Я очень скоро справился с азбукой, может быть, потому, что мне самому хотелось поскорее читать. Я любил рассматривать картинки в книгах, но для того, чтобы понимать их смысл, мне нужно было уметь читать. И я быстро научился читать, — и чтение сделалось с малых лет моим любимым занятием. Я читал много и без разбора, что попадалось под руку.
Вот первые прочитанные мною книги: Евангелие и Деяния апостолов, «Жизнеописание великих мужей древности» (очень старое издание на толстой, шершавой бумаге), рассказы о животных (с рисунками, — заглавия не помню), сказки («Синяя борода», «Красная шапочка», «Кот в сапогах» и др.), «Рассказы у камина доброй бабушки», «Конек-Горбунок» Ершова (знал почти наизусть), сочинения Державина, Пушкина, описание путешествия по диким странам, кажется, по Африке и Австралии, описание странствования по какой-то великой американской реке; История Наполеона I, Робинзон Крузо.
Затем следовала масса книг самого разнообразного содержания (впрочем, более всего романы и повести), как, например: «Тысяча и одна ночь», «Таинственный монах» Зотова, «Падение Новгорода», «Стригольники», «Ведьма за Днепром», «Юрий Милославский» Загоскина, «Рославлев» его же, «Александр Македонский», «История Петра I» (с рисунками), «Мартин Найденыш» Евг. Сю и его же «Вечный Жид», «Тарантас» гр. Соллогуба (с рисунками), «Пертская красна девица» В. Скотта, «Опасный замок» его же, «Вечера на хуторе близ Диканьки» и «Тарас Бульба» (начал читать «Мертвые души», но бросил, показались скучны), «Библиотека для чтения» Сеньковского. Остальных не помню, но их было еще немало.
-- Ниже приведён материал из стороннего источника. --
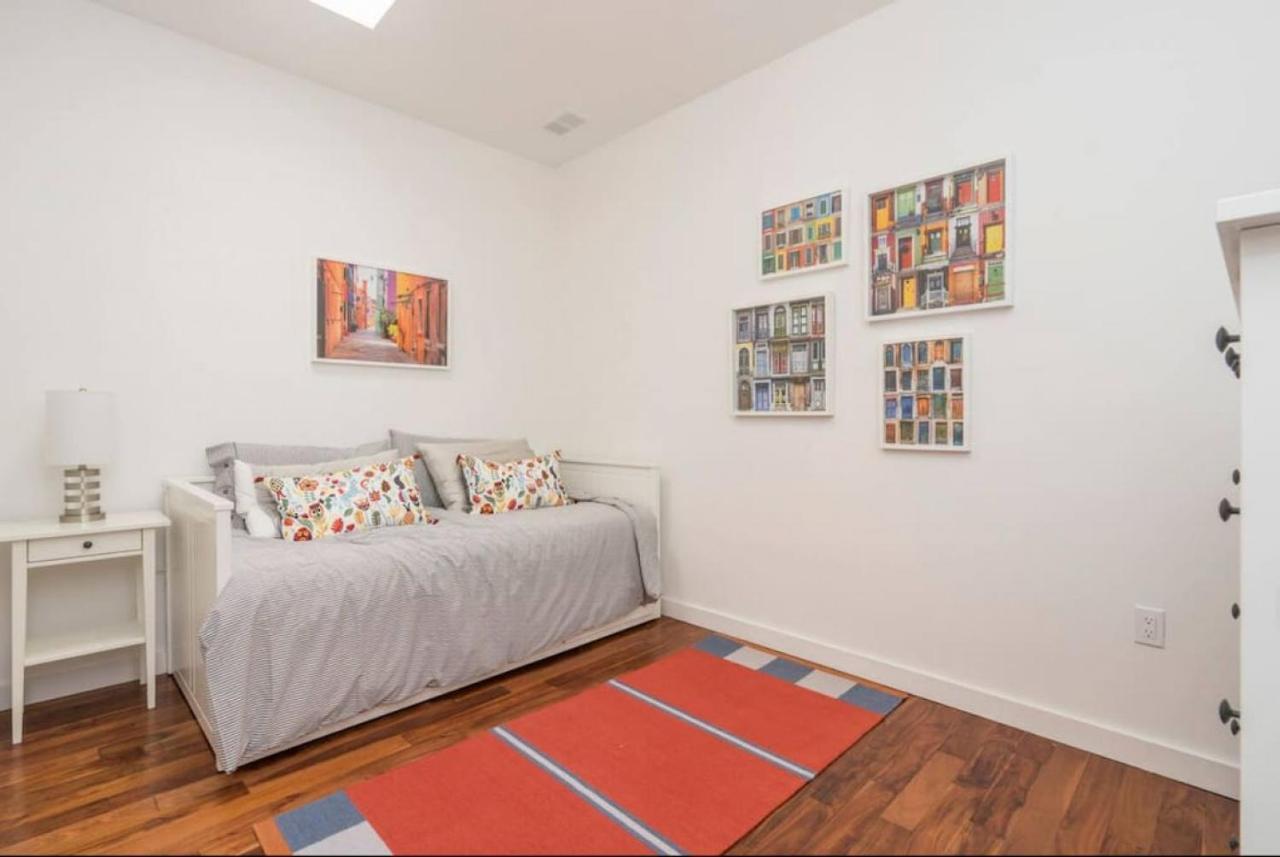 Apartment Pristine 3 Bedroom Million-dollar Loft Elevator Parking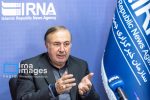 تکمیل طرحهای جادهای و ریلی آذربایجانشرقی، میانبُر توسعه اقتصادی و صادرات کشور است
Державин, помню, мне показался сух и напыщен, и лишь немногие из его произведений нравились мне своим торжественным, звучным стихом. Зато Пушкин сразу же меня очаровал и сделался моим любимцем. Конечно, я и в Пушкине еще многого не понимал, но все-таки Пушкин был проще, естественнее и ближе ко мне, чем важный певец Фелицы. Я зачитывался «Капитанской дочкой» и «Повестями Белкина», а из стихотворений многие знал наизусть, как, например: «Жених», «Утопленник», «Бесы», «Сказка о рыбаке и рыбке», «О царе Салтане» и др. Я читал и днем в свободное время, читал и по вечерам (если не занимался рисованием), читал и рано поутру, поднимаясь с огнем. Скажу без преувеличения, что я до 10 лет прочитал столько книг по истории и изящной словесности, сколько иной юноша не прочитает и до 16-летнего возраста. Я, разумеется, не хочу сказать, что все прочитанные мною книги в равной мере были полезны и способствовали моему умственному и нравственному развитию. Тут были и хорошие и дурные книги; но здоровый детский организм, росший в здоровой атмосфере, при благоприятных условиях, на глазах нежно любящей и любимой матери, все перемалывал — хорошее и дурное — и в итоге получалось добро. Даже такие книги, который теперь считаются плохими с педагогической точки зрения и, может быть, ныне уже вовсе не читаются у нас, как, например, роман А. Дюма «Граф Монтекристо» или «Вечный Жид» Евг. Сю, — для меня оказывались полезными. Они заставляли задумываться над людскою несправедливостью, жалеть несчастных, становиться на сторону угнетенных! восхищаться благородными подвигами самоотвержения, — одним словом, развивали гуманные чувства.